Do solo, claro, partiram para o subsolo. Quando reclamamos dos estragos feitos pela mineração legal e ilegal – lembrando que a flora e a fauna estão no mesmo “pacote” –, devemos ter a consciência de que nem sempre são empresas norueguesas que os produzem. Em boa parte do território amazônico, são os próprios índios que administram – direta ou indiretamente – os “negócios” em suas terras. A grande maioria dos crimes ambientais ocorre em terras públicas ou não escrituradas, daí a resistência de entes criminosos (principalmente os que promovem a cooptação desses grupos) à sua legalização. Até hoje, sequer se regulamentou os dois artigos constitucionais que tratam do assunto. Por experiência própria, em algumas operações na região, já me deparei com reservas indígenas fechadas com porteiras.

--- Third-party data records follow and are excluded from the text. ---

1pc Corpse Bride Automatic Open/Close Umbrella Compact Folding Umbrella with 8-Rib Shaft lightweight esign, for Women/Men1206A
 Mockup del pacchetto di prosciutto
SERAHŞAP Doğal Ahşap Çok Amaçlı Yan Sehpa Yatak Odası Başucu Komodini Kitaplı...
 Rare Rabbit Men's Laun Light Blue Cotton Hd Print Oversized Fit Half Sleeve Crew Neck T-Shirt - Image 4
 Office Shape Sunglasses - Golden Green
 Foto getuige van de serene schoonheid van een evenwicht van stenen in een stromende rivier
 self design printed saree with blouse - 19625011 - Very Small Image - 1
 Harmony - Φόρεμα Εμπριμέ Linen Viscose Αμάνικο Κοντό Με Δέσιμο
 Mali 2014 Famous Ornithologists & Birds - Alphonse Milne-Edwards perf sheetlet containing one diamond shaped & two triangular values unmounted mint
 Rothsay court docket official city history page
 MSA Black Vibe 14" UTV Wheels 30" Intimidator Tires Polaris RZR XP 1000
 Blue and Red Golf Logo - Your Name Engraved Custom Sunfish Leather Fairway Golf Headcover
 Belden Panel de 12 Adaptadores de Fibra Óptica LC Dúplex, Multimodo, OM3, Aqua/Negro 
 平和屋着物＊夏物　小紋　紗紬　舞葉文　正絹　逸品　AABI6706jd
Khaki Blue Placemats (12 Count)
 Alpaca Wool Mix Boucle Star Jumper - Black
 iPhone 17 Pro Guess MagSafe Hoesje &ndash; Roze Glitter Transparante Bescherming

Notícias recentes – e não tão recentes (algumas datadas de 2005, 2010, 2011, 2013 e 2014) – dão conta de que indígenas localizados em pais vizinho teriam migrado para território amazônico brasileiro (caso dos Yanomamis e Warao) e estariam, além de desnutridos, apresentando quadro infeccioso. Grupos brasileiros têm acolhido seus irmãos de sangue e, assim, ficam expostos às mesmas enfermidades e à escassez decorrente. Sessenta por cento do território Yanomami encontra-se em país vizinho, cujo regime político e econômico promoveu grande instabilidade social. A mineração do ouro foi entregue a perigosos grupos armados, inclusive estatais, que expulsam mineradores e indígenas dos locais de interesse.
A riqueza mineral da região atrai garimpeiros desde a década de 1970 e essa atividade tem como fatores negativos a contaminação por mercúrio, desflorestamento e consequente perda de biodiversidade. Em uma região impactada pela presença de não indígenas, provocou, inicialmente, sedentalização em grupos seminômades. Da superexploração da terra, veio a falta de alimentos. O resultado de tudo isso? Fome, desnutrição e doenças em povos que, tradicionalmente, vivem do que a natureza lhes oferece e onde nada deveria faltar.
Temos, hoje, indígenas descaracterizados como tal e dependentes de migalhas oferecidas por aqueles que dizem que os querem salvar. Faltarão os tão procurados cogumelos yanomami usados pelos grandes chefs de cozinha europeus? Talvez alguma das cerca de 16 mil ONGs cadastradas pelo IBGE deem uma resposta; talvez os mesmos governos estrangeiros, que se negam ao aprofundamento da questão, queiram se manifestar o quanto determinados regimes políticos totalitários da região impactam a vida de povos indígenas; talvez a grande organização mundial de nações perceba que existem ligações entre interesses econômicos escusos com o que acontece em determinadas regiões do mundo.